[[ Record excerpts open ]]

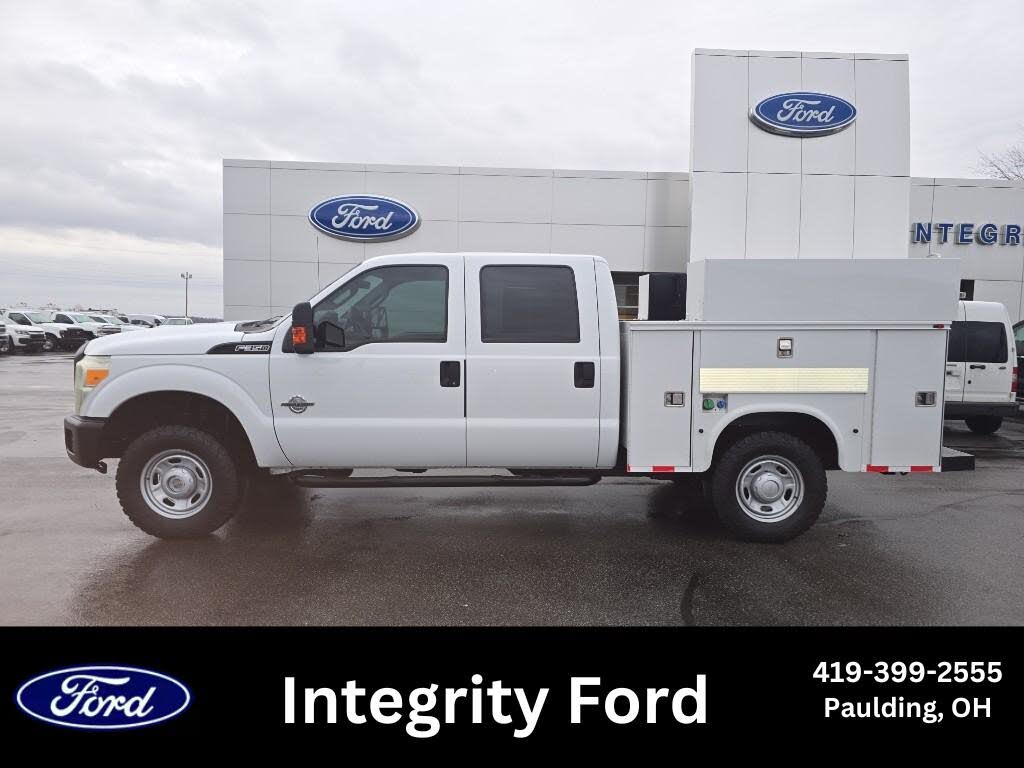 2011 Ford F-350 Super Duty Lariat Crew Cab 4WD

[[ Record excerpts closed ]]
[[ Record excerpts open ]]

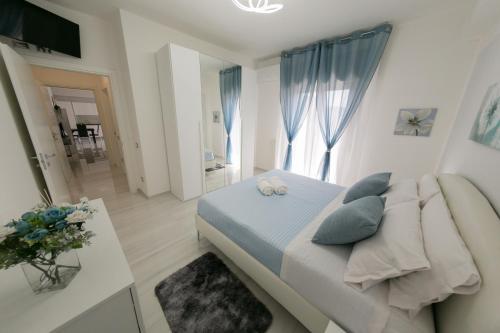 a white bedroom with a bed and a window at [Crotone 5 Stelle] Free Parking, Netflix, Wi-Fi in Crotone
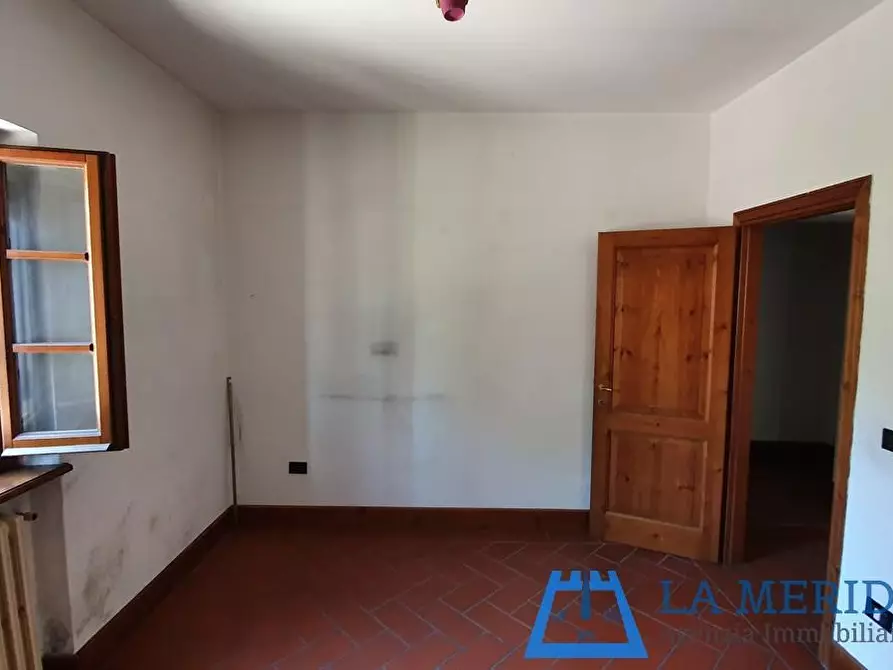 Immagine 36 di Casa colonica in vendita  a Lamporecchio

[[ Record excerpts closed ]]

## Prompt
Within the listing above, copy exactly the lines that start at the one with "a white bedroom" and continue through the one with "Immagine 36 di". Omit pictures.

## Reply to the exercise
 a white bedroom with a bed and a window at [Crotone 5 Stelle] Free Parking, Netflix, Wi-Fi in Crotone
 Immagine 36 di Casa colonica in vendita  a Lamporecchio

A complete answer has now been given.